L’Italia, pur presentando nel 2016 un’elevata incidenza della spesa pubblica sul PIL (49,6%), destina agli investimenti una parte molto modesta delle risorse pubbliche (2,1%, vs il 2,9% del 1999).
Il fabbisogno di investimenti (specialmente quelli infrastrutturali) viene quindi finanziato in un contesto di risorse scarse, e spesso circoscritte da vincoli di bilancio che bloccano la spesa per la parte pubblica.
Non stupisce pertanto che il mercato del Partenariato Pubblico Privato (PPP) negli ultimi quindici anni sia letteralmente esploso, passando da poco più di 300 bandi nel 2002 agli oltre 3.000 nel 2016, muovendo una mole di risorse dal 2002 al 2016 di 88 miliardi di euro, il 22% del valore delle gare per opere pubbliche bandite nello stesso arco temporale[1].
Il PPP si configura come un’opportunità di incontro tra interessi e risorse di soggetti pubblici e privati, che insieme amplificano le potenzialità di investimento, incentivano la qualità progettuale e facilitano l’individuazione delle opere prioritarie per cittadini e territori.
In tale scenario è significativo il coinvolgimento delle amministrazioni comunali: tra il 2002 ed il 2016 sono proprio i comuni i primi committenti di bandi PPP (circa l’80% dei bandi è in capo a loro per un importo complessivo pari a più di 33 miliardi di euro, il 37% dell’intero mercato), che concentrano le risorse prevalentemente nel settore energia/telecomunicazioni ed in quello dei trasporti. Grazie al PPP, attualmente i comuni riescono ad alimentare un quarto delle proprie opere pubbliche, andando a “coprire” il 66% del valore di quest’ultime.

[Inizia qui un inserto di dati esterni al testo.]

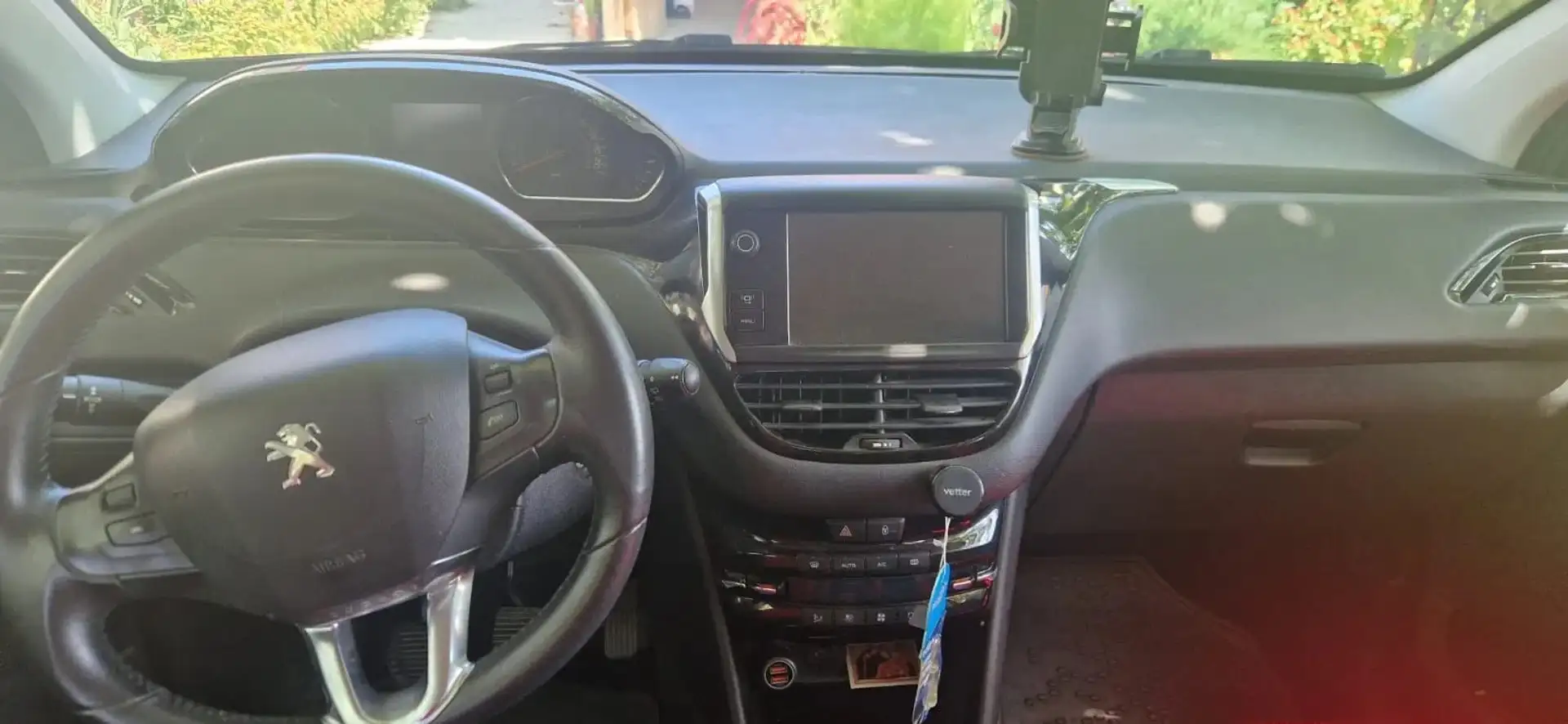 Peugeot 208 1.2 VTi 82ch BVM5 Active - 2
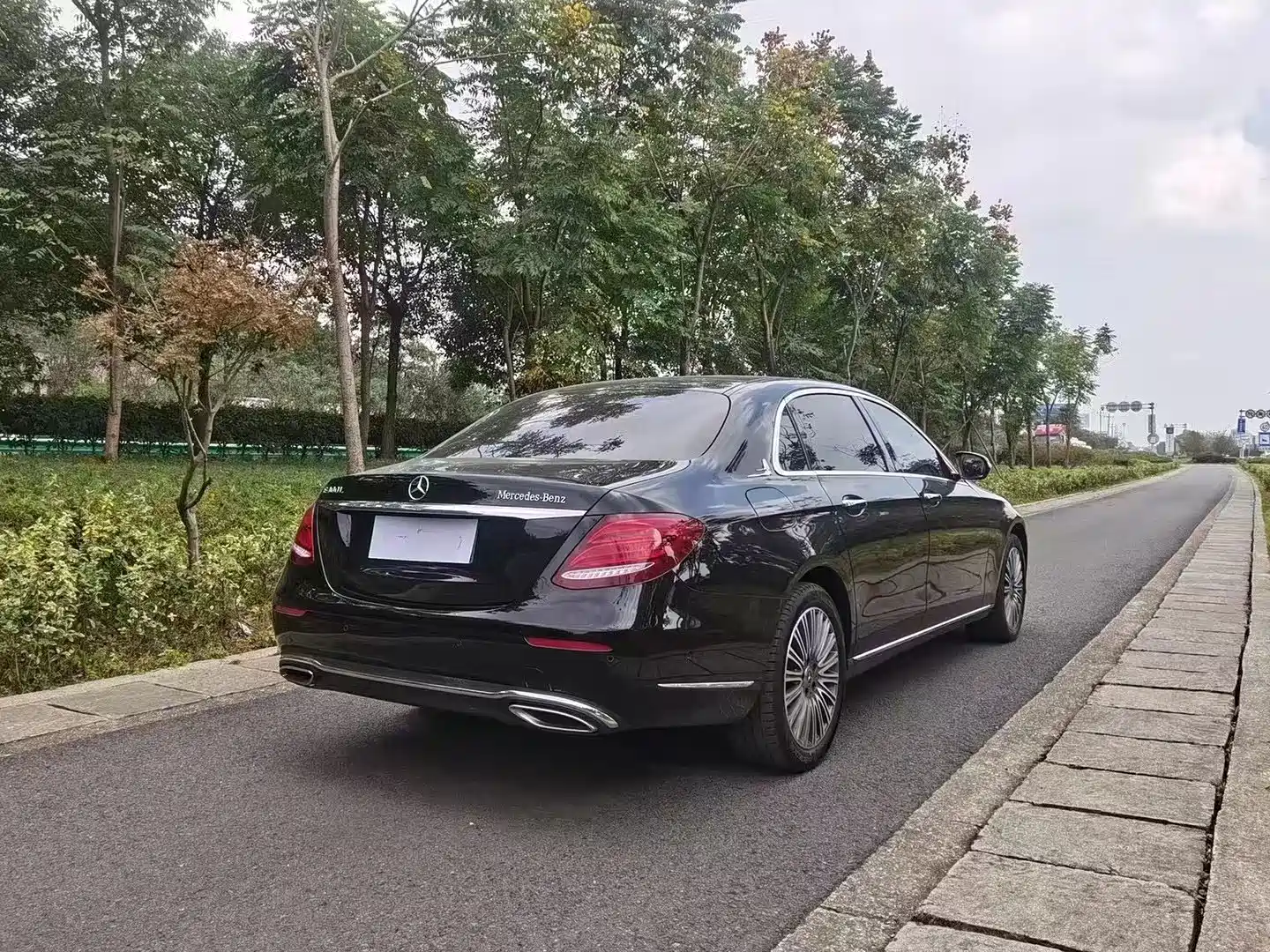 Photo 7 - Mercedes-Benz E-Class
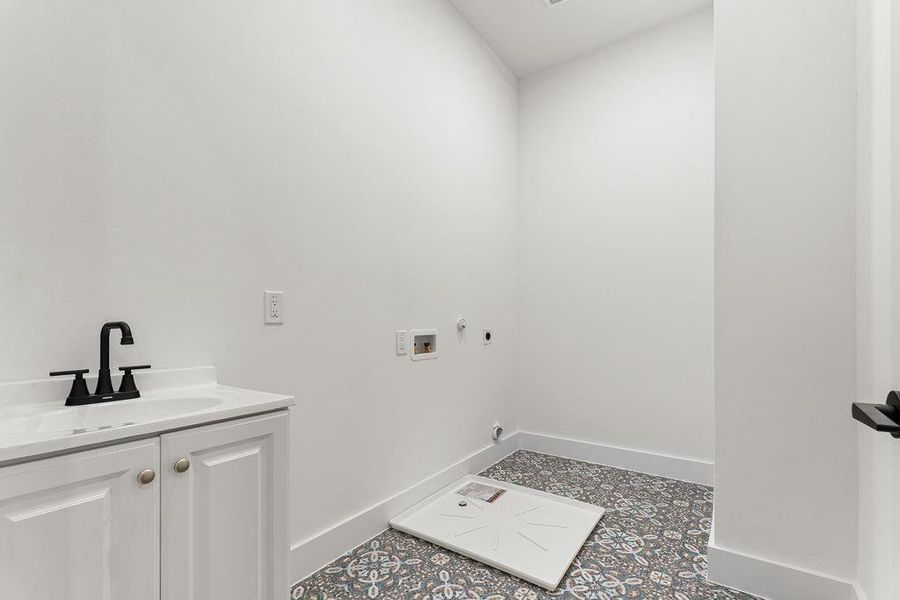 Furnished interior view inside a new home in , Dallas (Image 29).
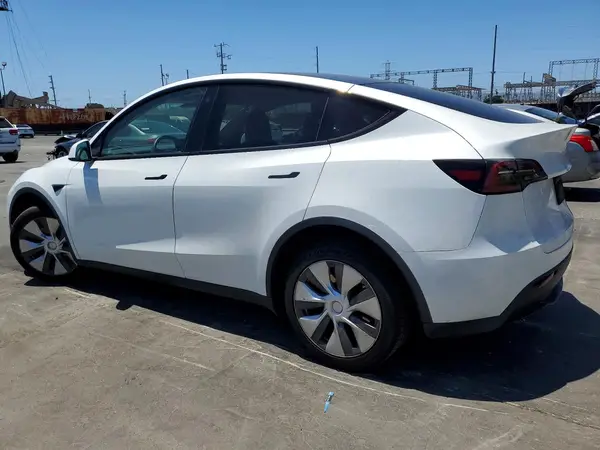 7SAYGDEE6PA040542 2023 TESLA MODEL Y - Image 2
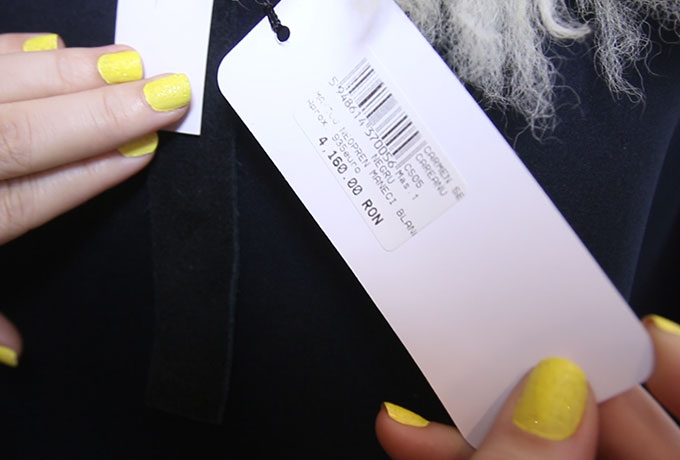 Haina de neopren, cu maneci de blana este creatie a unui designer roman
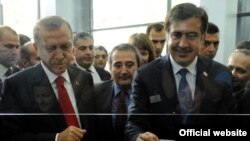 Президент Грузии Михаил Саакашвили (справа) и премьер-министр Турции Реджеп Эрдоган (архивное фото)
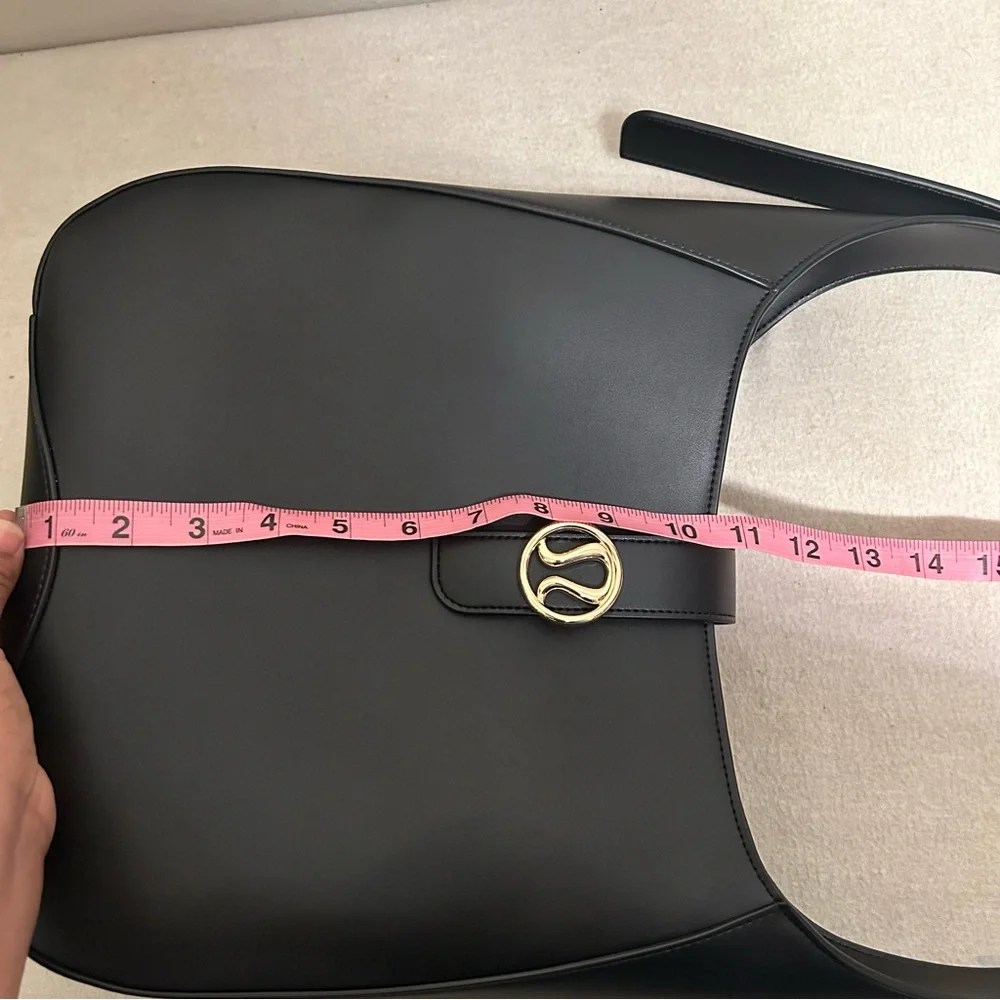 lululemon athletica sleek stylish
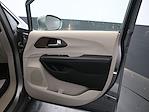 2017 Chrysler Pacifica FWD Minivan for sale #05X1406A - photo 15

Nonostante gli sforzi massicci da parte dei comuni di ricorrere al mercato del PPP si evidenziano alcune criticità. Innanzitutto le tempistiche affinché una gara PPP venga aggiudicata: sicuramente sono stati fatti passi avanti (si è passati da una media di 214 giorni nel periodo 2002-2007 a 128 giorni nel 2012-2016), ma per i PPP superiori ai 5 milioni di euro si rimane ancora ben sopra ai 200 giorni in media. In secondo luogo le carenze di qualità tecnico-progettuale da parte delle stazioni appaltanti: tra il 2002 e il 2016, a fronte di 26.599 procedure di PPP con comuni committenti, il 13% riguarda “procedimenti interrotti” (bandi annullati, gare deserte e non aggiudicate e aggiudicazioni revocate). Infine bisogna ricordare che dopo l’aggiudicazione entrano in gioco altre fasi operative che rendono più complesso il quadro, come il ricorso al contenzioso, la stipula del contratto, il raggiungimento del closing finanziario, l’esecuzione dei lavori, la gestione.
[1] Fonte: elaborazione IFEL-Dipartimento Studi Economia Territoriale e Cresme Europa Servizi su dati infoppp.it, anni vari.